11. In the aforesaid background of the authoritative legal pronouncements made by the Division Benches of this Court, if we consider the case of the petitioner, the petitioner vide communication dated June 19, 2019 has in categorical terms informed the respondents as under :

“As pointed out by your office we have checked invoice wise details and we admit that liability declared by us in ST-3 return is not correct and correct liability for the above period should be Rs.97,54,079/-, for which we are submitting our working.”

The said communication is duly acknowledged by the respondents.

12. If we consider the aforesaid communication in the wake of the provisions of Section 121 of Chapter V, which provides for SVLDRS, 2019, the petitioner’s case, in our opinion, is very much qualified to have the benefit, particularly having regard to the definition of ‘quantified’ under clause (r) thereunder and also Section 123, which provides for tax dues.

13. The petitioner, in our opinion, was eligible to make a declaration under the aforesaid Scheme as on June 19, 2019. The petitioner has admitted the liability to pay the service tax in the communication dated June 19, 2019, which was duly acknowledged by the

14. The impugned communications issued to the petitioner, which are questioned in this petition, are contrary to the very object, which has been clarified by the Government of India, Ministry of Finance, Department of Revenue, Central Board of Indirect Taxes and Customs in its Circular dated August 27, 2019, particularly clause (g), which reads thus :

“(g) Cases under an enquiry, investigation or audit where the duty demand has been quantified on or before the 30th day of June, 2019 are eligible under the Scheme. Section 2(r) defines “quantified” as a written communication of the amount of duty payable under the indirect tax enactment. It is clarified that such written communication will include a letter intimating duty demand; or duty liability admitted by the person during enquiry, investigation or audit; or audit report etc.”

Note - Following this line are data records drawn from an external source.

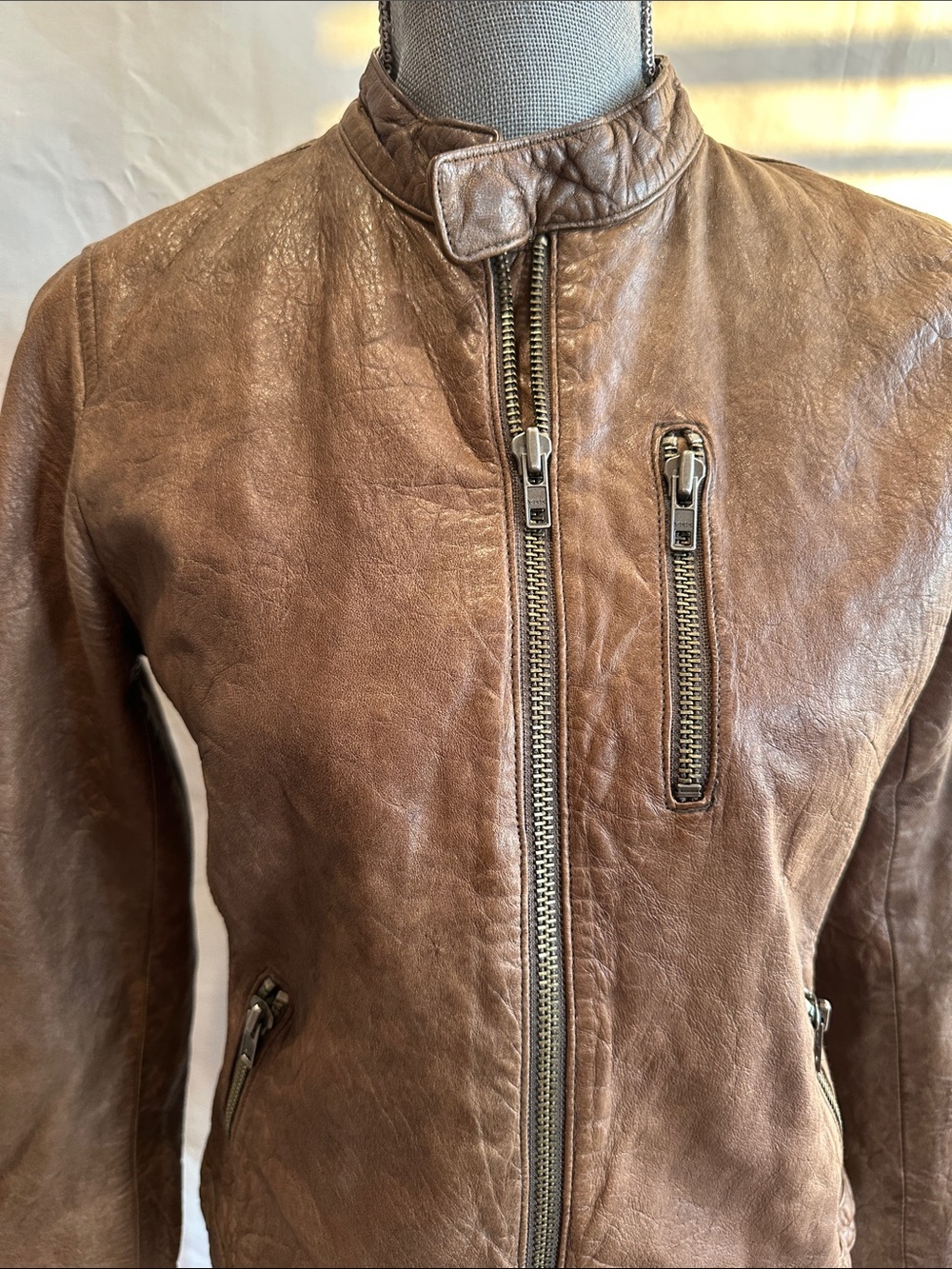 Brown Women's Leather Moto Jacket - Picture 2 of 16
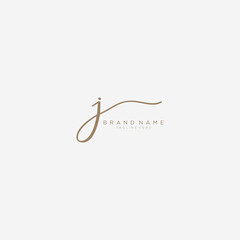 letter J gold handwritten logo vector design template.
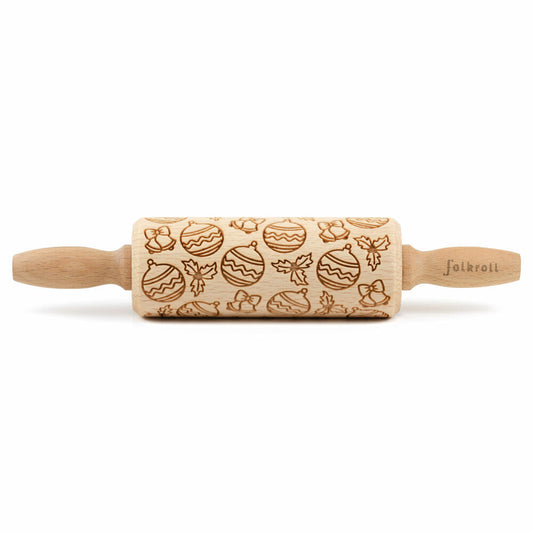 Folkroll motif rolling pin Christmas tree balls, junior, 23 cm, rolling pin, embossing roller, pattern, roll, beech wood, 230948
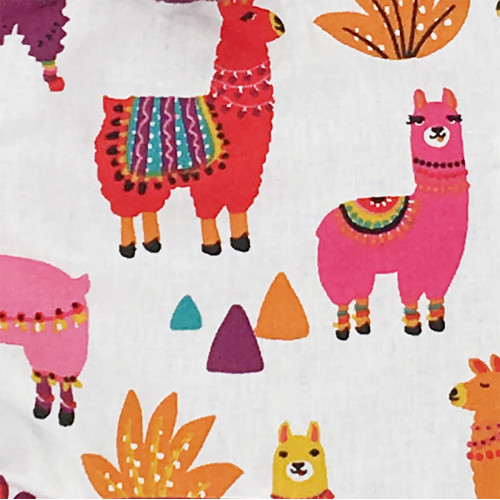 Fabric personalised baby comforter with small multicolor llamas. Original birth gift made in France. Nin-Nin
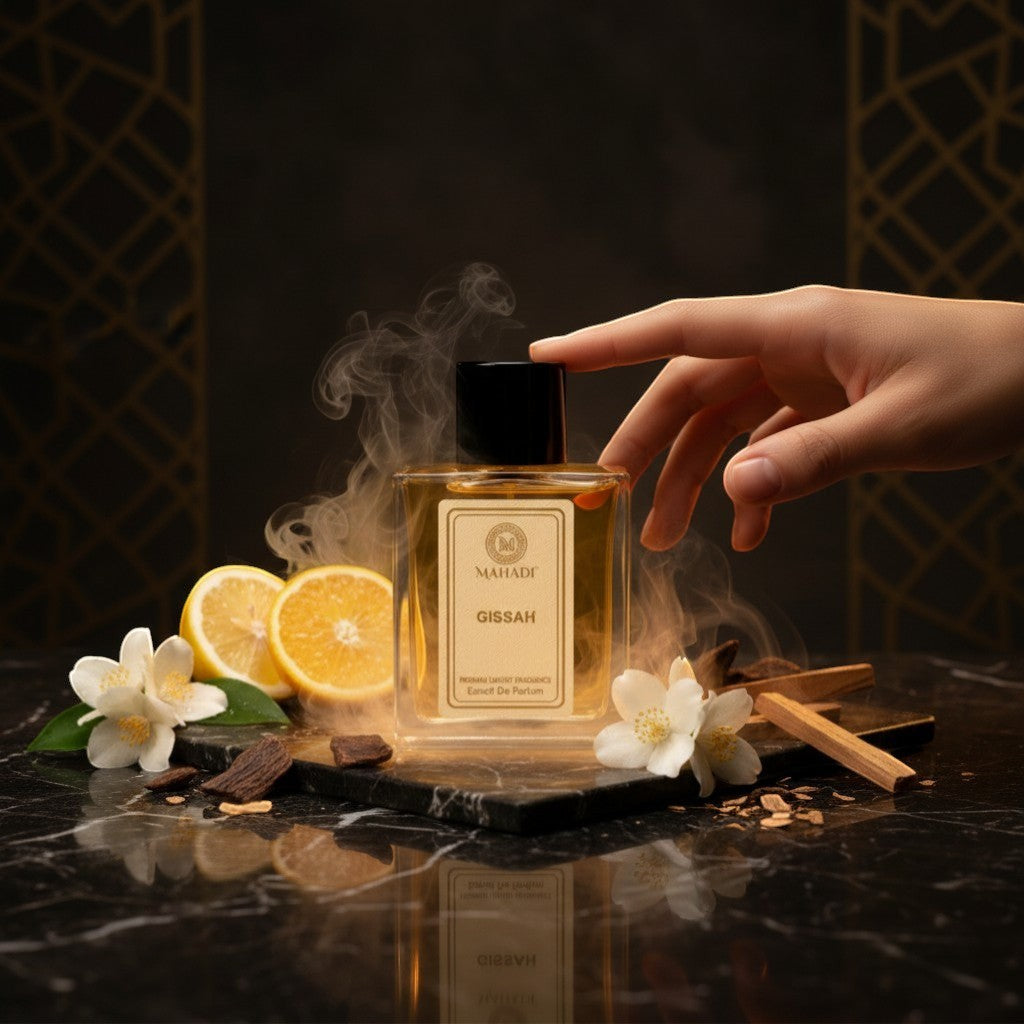 Mahadi Perfumes Gissah Extrait De Parfum, a luxurious amber-colored fragrance in a clear glass bottle with a black cap.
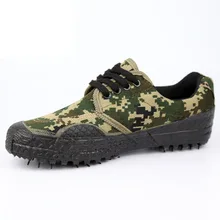 Резиновая хорошее качество Армейский Зеленый Открытый поле горы холст Военная Униформа Низкий Топ камуфляж поезд Обувь для прогулок человек Сапоги и ботинки для девочек flate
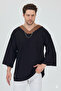 V-Neck 4/3 Sleeve Oversized T-Shirt with Ruffles Off-Shoulder - 5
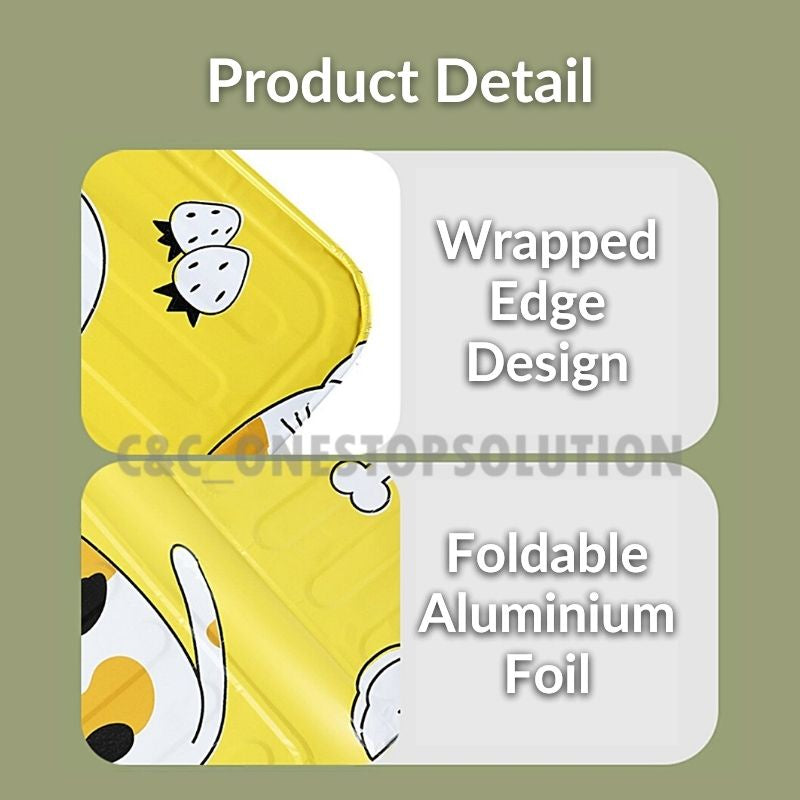 C&C Foldable Oil Splash Guard Aluminum Foil Heat Resistance Gas Stove Shield Washable Stove Cover Pelindung Dapur Gas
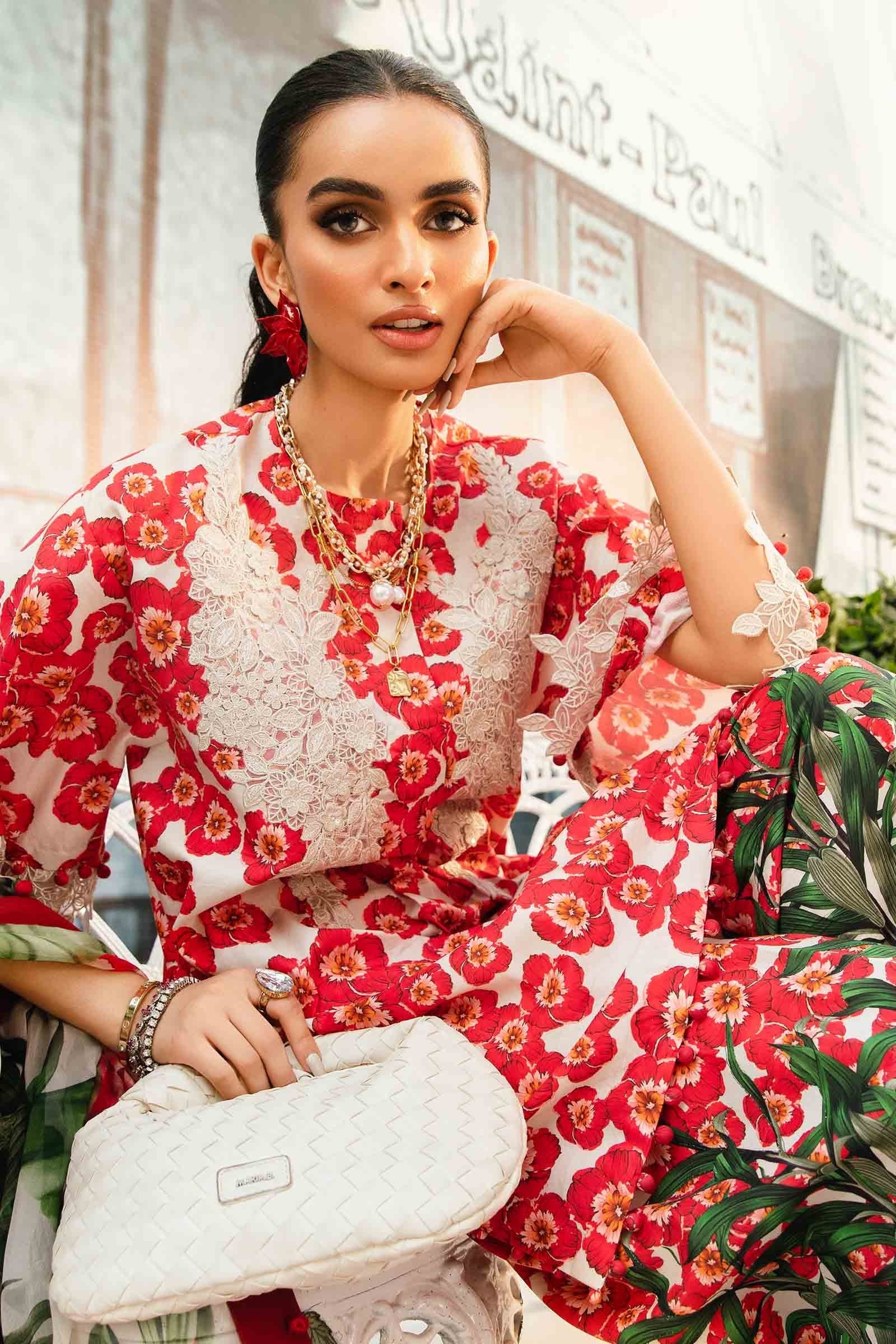 Elegant 3PCS embroidered lawn unstitched suit from ManshaLawn | premium lawn in Pakistan, lawn suits available in Peshawar’s best fabric online store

15. In the aforesaid background, we are of the view that the stand taken by the respondents so as to claim that the petitioner was not eligible in terms of Section 123 of the Finance Act, 2019 cannot be accepted in view of the admission of liability already communicated.

16. In the wake of the above findings, we are of the view that the impugned communication dated February 11, 2020 issued to the petitioner, produced at Annexure-7, thereby rejecting the online application of the petitioner and consequently the impugned show cause notice dated June 25, 2020, produced at Annexure-10, are not sustainable and are liable to be quashed and set aside and are accordingly quashed and set aside.

We remand the matter back to the respondent No.2-The Designated Committee of SVLDRS to consider the declaration of the petitioner dated December 05, 2019 in the wake of admission given by the petitioner in his communication dated June 19, 2019 afresh as a valid declaration in terms of the Scheme under the category of ‘investigation, enquiry and audit’ and may proceed to grant the consequential relief to the petitioner.

We direct the respondent No.2 to provide an opportunity of hearing to the petitioner and pass a speaking order.

Let the aforesaid exercise be completed by the respondent No.2 within a period of twelve weeks from the date of production of this judgment and order.

17. Rule There shall be no order as to costs.